Each candidate cluster is tested against the known physical dimensions of a Formula Student cone: height H = 325 mm, base diameter D = 285 mm. We first compute the cluster's axis-aligned bounding box — the smallest box with sides parallel to the coordinate axes that contains all the cluster points:

Δx = max(x) - min(x) Δy = max(y) - min(y) Δz = max(z) - min(z)

Three filters run in sequence. If any fails, the cluster is rejected immediately without running the rest:

Height 0.20 ≤ Δz ≤ 0.45 m Lower bound handles partial occlusion; upper bound rules out stacked objects

Width Δx ≤ 0.40 m && Δy ≤ 0.40 m A car is ~1.8 m wide, a barrier ~0.5 m — both fail this immediately

Symmetry |Δx − Δy| / max(Δx, Δy) ≤ 0.4 A cone's cross-section is circular; a wall segment has Δx >> Δy

The symmetry check is the subtlest one. A cone is a rotationally symmetric object, so its footprint from above should be roughly square regardless of which direction the sensor is viewing it from. A thin wall or barrier may have a small footprint in one direction and a large one in the other — the normalized difference catches this. The threshold 0.4 allows for some asymmetry from partial occlusion without being so loose it passes elongated objects.

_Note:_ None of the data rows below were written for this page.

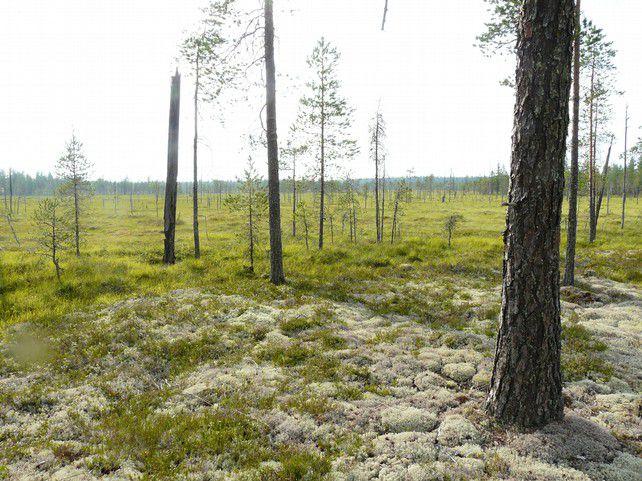 Yhteystiedot Suomen Luonnonsuojeluliitto ry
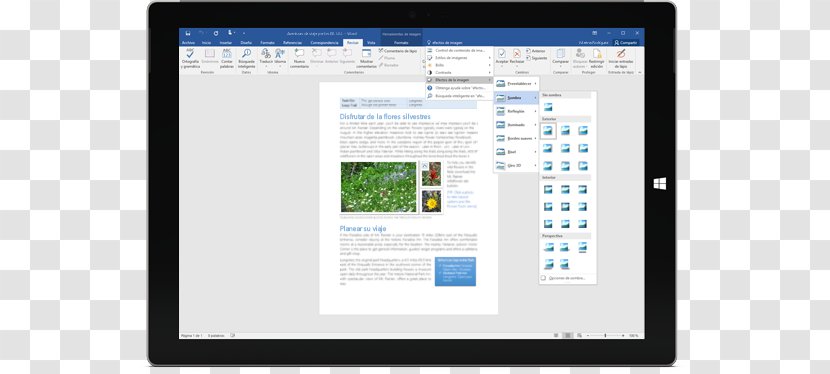 Microsoft Word Office 365 PowerPoint Computer Software - Tablet PC Transparent PNG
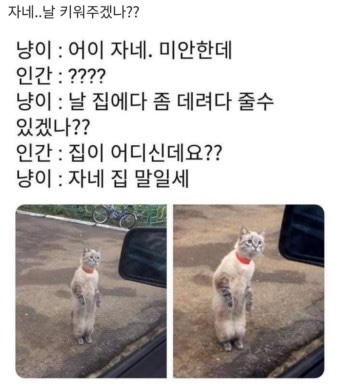 냉삼겹살 이미지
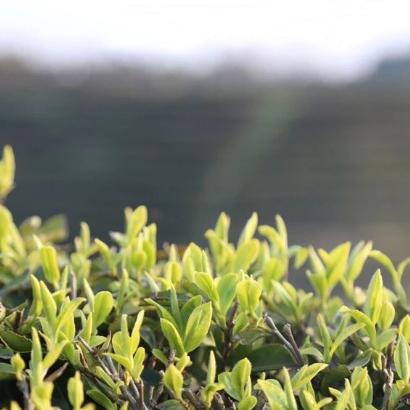 生态茶·雨前龙井  | 合作生产* Longjing Tea of Early spring | Coproduction 商品图5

A fourth optional check: compare the number of points in the upper and lower half of the cluster's height range. Because a cone tapers, the bottom half has more surface area and therefore more LiDAR returns than the top half. If n_lower < n_upper the shape is upside-down or not conical — reject.

The main failure mode is range. Beyond about 15 m, a cone returns only 1–3 points per frame. The height and width measurements become unreliable with so few samples. The symmetry check may pass or fail arbitrarily. At that range you need either a temporal map (accumulate observations across frames), a learning-based detector that was trained on sparse returns, or a higher-resolution sensor.

Why this pipeline works

Each stage does only as much work as necessary and hands off a much smaller problem to the next. Downsampling turns 200k points into 10k. Ground removal turns 10k into 2k. Clustering turns 2k points into ~15 candidate clusters. Classification turns 15 candidates into the handful that are cones. By the time we're doing geometry checks, we're operating on individual bounding boxes — not point clouds.

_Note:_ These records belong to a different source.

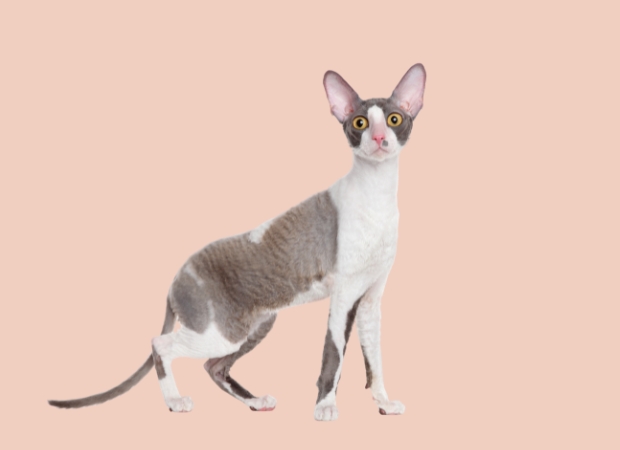 Cornish Rex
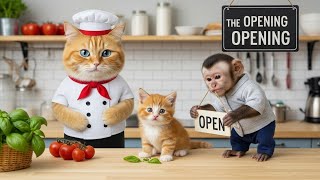  Mama Cat Opens a Pizza Shop with Her Kitten – You Won’t Believe What Happens! 🍕🐱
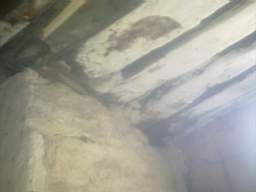 knockduff 12810.jpg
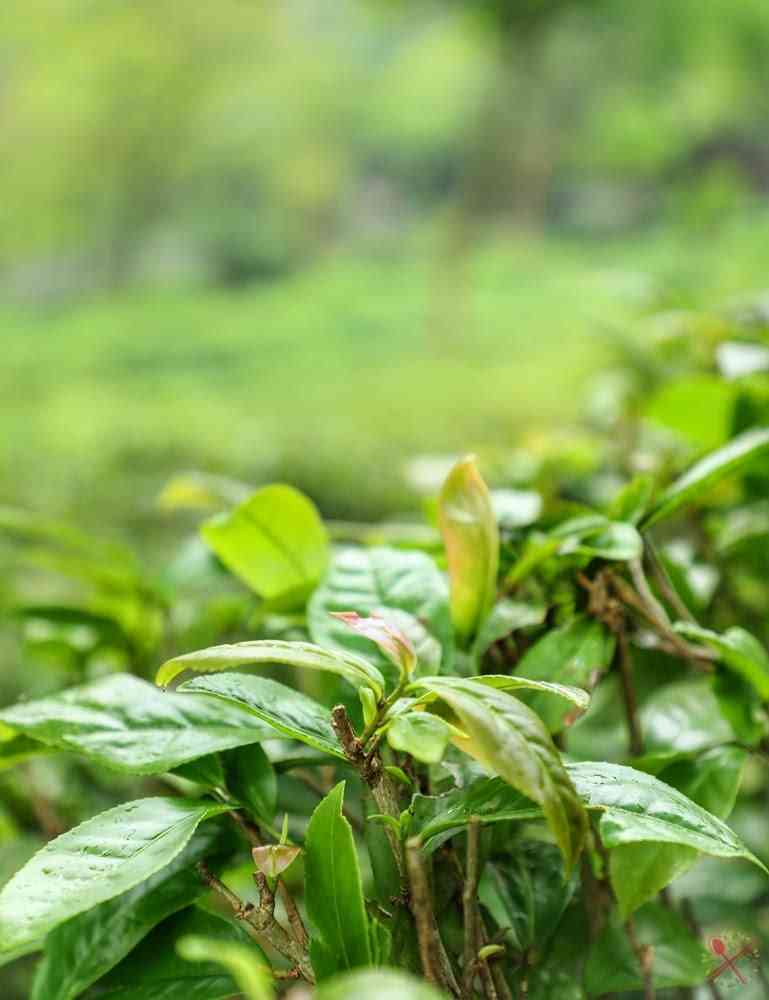 '铁观音茶叶：普洱茶还是绿茶好？'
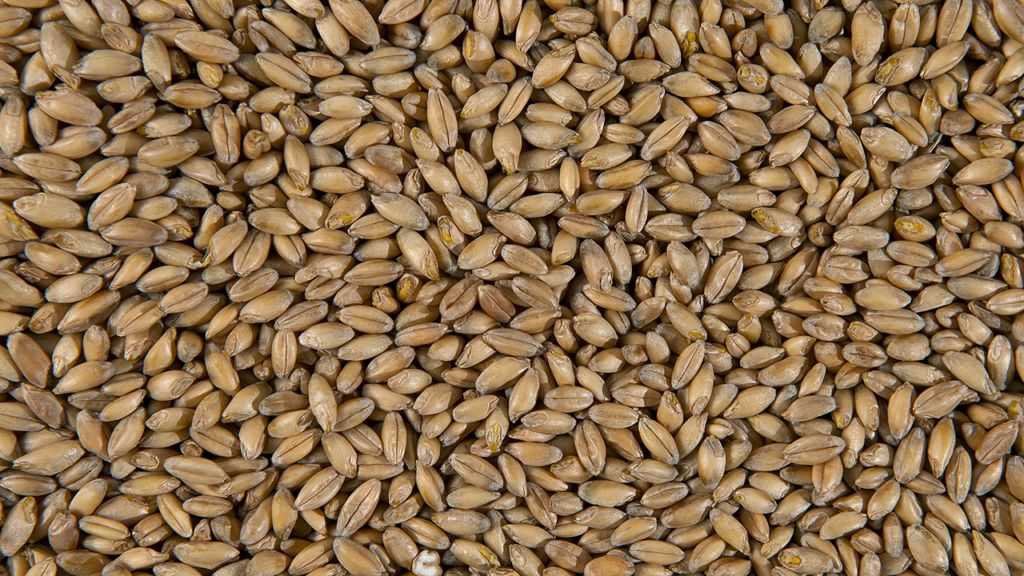 Противопоказания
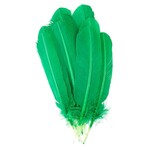 Turkey Quills 12-14 Inch 10 Pieces (5 left, 5 right) Kelly Green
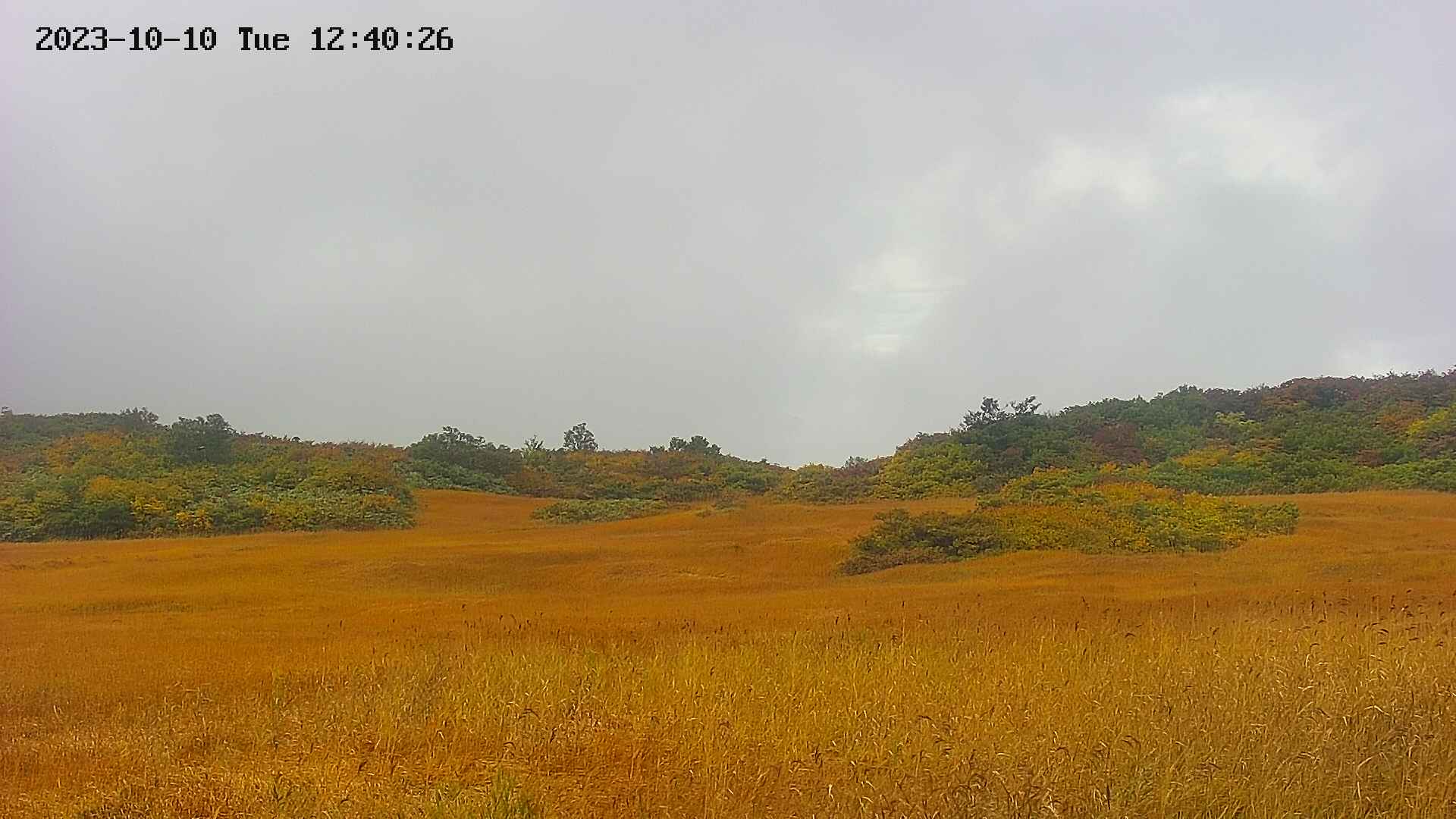 area3-20231010124030.jpg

This matters for latency. The entire pipeline runs in under 10 ms on a laptop CPU, well within the 100 ms budget of a 10 Hz LiDAR. No GPU required. The k-d tree construction is the heaviest single step; the classifier is just arithmetic. The simplicity of the geometric model — three threshold comparisons — is also what makes it robust. There are no learned weights to overfit, no hyperparameters that degrade in new environments, no dependency on lighting or color.

The trade-off is that purely geometric methods have a hard ceiling on what they can detect. This pipeline works reliably up to about 12–15 m. Beyond that, the sparse returns require either denser sensors, multi-frame fusion, or a classifier that can reason about incomplete evidence — the territory of learning-based methods.